----- DATA TO EXAMINE

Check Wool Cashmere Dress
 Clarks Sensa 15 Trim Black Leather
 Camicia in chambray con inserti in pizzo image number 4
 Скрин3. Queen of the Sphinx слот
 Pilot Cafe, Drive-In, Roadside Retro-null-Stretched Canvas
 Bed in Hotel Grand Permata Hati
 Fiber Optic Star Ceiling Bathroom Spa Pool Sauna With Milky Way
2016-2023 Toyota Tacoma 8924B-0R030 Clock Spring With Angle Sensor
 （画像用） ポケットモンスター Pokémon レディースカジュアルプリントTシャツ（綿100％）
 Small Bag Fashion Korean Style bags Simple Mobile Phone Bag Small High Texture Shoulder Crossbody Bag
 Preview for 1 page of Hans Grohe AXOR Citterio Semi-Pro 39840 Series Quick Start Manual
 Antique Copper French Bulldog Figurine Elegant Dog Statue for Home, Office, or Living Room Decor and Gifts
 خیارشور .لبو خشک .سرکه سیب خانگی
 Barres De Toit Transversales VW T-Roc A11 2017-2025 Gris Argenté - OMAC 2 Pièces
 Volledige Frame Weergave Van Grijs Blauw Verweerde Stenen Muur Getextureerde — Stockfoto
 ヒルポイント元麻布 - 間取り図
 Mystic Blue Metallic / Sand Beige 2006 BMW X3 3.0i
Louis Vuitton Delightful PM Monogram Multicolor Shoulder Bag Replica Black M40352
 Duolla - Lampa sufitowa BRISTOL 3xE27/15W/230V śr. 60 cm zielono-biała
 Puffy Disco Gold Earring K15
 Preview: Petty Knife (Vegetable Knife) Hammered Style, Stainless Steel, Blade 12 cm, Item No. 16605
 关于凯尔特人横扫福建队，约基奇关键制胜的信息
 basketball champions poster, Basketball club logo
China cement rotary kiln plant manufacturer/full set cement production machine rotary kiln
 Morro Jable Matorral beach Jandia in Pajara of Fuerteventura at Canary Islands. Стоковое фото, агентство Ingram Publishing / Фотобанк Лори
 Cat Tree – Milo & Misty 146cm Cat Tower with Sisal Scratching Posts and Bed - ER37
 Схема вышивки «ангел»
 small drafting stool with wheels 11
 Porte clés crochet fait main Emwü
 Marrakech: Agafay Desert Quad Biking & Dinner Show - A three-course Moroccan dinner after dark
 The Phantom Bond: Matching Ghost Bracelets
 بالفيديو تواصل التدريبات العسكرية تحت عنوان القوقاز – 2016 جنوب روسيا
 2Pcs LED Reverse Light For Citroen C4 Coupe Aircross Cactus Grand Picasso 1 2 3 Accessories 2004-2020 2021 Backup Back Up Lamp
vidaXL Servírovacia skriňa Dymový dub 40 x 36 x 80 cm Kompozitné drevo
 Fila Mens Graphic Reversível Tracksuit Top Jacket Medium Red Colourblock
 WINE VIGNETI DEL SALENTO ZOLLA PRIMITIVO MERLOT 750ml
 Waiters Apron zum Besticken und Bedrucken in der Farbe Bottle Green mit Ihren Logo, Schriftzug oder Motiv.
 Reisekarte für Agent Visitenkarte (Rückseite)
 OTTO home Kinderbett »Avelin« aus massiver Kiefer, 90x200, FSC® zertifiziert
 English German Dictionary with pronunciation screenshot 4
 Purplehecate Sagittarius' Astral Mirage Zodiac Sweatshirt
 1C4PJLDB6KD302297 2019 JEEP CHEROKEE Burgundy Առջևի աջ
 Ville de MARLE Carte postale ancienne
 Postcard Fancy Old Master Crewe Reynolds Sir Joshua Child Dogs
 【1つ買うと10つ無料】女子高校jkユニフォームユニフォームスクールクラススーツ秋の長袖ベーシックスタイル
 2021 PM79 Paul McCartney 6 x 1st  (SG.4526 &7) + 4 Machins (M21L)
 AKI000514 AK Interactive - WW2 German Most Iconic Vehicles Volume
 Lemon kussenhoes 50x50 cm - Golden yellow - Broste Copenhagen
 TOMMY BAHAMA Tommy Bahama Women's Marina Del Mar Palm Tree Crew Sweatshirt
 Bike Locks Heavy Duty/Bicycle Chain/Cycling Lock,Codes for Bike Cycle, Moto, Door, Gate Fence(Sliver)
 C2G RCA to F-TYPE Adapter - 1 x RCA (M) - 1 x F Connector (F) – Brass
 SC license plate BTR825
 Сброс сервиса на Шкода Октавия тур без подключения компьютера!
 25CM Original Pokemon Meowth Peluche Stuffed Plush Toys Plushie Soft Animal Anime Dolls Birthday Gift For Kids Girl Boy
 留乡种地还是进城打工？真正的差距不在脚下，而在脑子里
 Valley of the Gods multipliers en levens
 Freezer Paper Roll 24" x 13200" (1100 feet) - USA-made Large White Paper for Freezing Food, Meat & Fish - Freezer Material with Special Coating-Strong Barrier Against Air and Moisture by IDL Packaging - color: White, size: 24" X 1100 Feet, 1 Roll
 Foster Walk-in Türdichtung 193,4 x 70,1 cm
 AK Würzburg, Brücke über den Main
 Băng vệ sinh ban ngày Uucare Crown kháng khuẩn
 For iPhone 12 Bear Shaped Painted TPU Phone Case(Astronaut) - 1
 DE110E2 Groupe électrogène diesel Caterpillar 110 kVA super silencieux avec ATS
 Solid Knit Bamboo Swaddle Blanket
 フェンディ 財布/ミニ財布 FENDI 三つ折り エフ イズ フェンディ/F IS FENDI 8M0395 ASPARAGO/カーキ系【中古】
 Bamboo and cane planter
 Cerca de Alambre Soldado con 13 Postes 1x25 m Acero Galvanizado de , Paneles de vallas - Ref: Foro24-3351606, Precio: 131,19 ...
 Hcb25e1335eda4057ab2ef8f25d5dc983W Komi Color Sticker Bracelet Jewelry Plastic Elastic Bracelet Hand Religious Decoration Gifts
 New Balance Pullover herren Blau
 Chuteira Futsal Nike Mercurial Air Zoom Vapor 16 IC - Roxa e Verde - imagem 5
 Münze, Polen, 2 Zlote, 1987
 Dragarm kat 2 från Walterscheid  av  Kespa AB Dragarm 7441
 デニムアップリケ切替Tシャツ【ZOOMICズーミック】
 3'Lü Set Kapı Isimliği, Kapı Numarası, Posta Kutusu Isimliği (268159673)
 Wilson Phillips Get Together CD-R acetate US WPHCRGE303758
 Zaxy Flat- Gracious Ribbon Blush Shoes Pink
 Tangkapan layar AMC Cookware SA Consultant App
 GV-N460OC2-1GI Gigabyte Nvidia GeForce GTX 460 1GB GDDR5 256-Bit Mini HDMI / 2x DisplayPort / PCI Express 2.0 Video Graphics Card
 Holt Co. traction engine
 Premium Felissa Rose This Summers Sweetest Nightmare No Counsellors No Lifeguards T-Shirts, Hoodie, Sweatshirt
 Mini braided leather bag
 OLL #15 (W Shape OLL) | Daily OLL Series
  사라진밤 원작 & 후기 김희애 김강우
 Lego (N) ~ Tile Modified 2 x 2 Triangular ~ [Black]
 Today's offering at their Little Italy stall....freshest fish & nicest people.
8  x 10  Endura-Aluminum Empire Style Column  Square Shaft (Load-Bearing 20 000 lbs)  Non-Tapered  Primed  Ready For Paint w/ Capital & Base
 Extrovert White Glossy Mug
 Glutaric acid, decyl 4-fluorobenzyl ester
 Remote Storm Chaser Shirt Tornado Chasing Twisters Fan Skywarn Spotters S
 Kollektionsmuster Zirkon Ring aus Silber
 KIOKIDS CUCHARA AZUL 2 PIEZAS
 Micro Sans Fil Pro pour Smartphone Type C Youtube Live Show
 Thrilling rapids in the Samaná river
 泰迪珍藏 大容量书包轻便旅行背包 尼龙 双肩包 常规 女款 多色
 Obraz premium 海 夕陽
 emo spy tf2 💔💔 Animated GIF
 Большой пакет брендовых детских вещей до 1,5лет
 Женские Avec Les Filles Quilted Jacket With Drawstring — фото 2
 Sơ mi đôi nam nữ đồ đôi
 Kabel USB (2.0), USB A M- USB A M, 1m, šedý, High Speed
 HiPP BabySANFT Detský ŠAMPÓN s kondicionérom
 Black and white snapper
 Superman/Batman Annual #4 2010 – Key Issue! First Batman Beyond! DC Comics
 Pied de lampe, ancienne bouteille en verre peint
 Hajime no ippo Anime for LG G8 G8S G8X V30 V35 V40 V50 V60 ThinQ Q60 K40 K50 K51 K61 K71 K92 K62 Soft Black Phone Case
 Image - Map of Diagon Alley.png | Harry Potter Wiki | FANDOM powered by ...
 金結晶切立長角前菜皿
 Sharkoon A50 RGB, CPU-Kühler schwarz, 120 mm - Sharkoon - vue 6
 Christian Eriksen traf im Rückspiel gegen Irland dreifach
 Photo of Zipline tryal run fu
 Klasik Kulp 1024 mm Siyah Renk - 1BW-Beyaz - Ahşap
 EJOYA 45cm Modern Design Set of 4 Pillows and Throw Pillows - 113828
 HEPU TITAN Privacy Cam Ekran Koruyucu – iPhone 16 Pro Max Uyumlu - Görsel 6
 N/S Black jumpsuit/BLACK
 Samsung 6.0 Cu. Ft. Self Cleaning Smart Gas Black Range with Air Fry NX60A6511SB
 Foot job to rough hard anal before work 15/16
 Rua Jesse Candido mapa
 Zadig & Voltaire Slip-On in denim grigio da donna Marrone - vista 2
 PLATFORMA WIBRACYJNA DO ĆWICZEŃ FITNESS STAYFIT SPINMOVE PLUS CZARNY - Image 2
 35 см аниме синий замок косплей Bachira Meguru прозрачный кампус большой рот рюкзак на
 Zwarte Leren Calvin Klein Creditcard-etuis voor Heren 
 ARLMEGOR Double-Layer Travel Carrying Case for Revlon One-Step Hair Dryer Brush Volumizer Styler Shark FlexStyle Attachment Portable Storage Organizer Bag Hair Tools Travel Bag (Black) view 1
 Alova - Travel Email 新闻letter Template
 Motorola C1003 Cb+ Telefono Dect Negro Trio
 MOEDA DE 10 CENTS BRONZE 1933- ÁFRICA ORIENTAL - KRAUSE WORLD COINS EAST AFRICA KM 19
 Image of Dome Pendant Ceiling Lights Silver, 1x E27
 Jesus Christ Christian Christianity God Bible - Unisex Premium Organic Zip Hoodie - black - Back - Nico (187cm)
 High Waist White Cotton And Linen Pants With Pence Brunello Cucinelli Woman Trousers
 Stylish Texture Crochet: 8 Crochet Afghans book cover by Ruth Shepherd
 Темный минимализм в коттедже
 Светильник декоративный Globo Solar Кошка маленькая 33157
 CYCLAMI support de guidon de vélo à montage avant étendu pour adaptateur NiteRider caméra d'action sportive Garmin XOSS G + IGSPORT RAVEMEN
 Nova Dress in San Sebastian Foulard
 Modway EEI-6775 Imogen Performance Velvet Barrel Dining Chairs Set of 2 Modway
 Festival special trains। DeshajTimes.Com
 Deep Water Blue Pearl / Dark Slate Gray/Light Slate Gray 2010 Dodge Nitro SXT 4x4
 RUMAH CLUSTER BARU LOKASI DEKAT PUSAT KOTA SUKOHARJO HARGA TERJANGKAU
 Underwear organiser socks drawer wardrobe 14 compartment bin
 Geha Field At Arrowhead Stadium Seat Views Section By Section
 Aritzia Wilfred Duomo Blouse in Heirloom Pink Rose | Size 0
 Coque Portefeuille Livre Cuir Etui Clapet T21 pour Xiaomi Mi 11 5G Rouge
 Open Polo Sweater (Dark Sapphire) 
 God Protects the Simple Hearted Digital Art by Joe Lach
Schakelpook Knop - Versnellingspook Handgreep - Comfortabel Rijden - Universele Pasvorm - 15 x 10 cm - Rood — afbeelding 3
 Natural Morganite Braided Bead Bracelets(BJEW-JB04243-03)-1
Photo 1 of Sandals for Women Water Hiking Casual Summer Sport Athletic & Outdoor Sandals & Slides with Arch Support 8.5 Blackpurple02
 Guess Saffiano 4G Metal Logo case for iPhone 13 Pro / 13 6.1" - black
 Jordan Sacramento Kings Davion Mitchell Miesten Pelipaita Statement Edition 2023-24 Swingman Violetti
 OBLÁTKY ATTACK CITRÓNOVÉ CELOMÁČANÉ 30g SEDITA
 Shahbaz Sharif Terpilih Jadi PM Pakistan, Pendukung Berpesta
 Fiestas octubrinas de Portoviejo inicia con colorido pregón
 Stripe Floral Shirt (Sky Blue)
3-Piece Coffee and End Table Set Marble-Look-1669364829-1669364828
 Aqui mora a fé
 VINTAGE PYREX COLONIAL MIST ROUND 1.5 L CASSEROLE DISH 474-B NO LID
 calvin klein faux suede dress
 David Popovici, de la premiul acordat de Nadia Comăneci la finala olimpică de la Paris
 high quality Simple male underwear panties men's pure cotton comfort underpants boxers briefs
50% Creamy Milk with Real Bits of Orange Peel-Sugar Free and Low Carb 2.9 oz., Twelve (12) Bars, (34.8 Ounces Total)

----------

Answer with a single number, the count of lines in the data that contain "фото".

2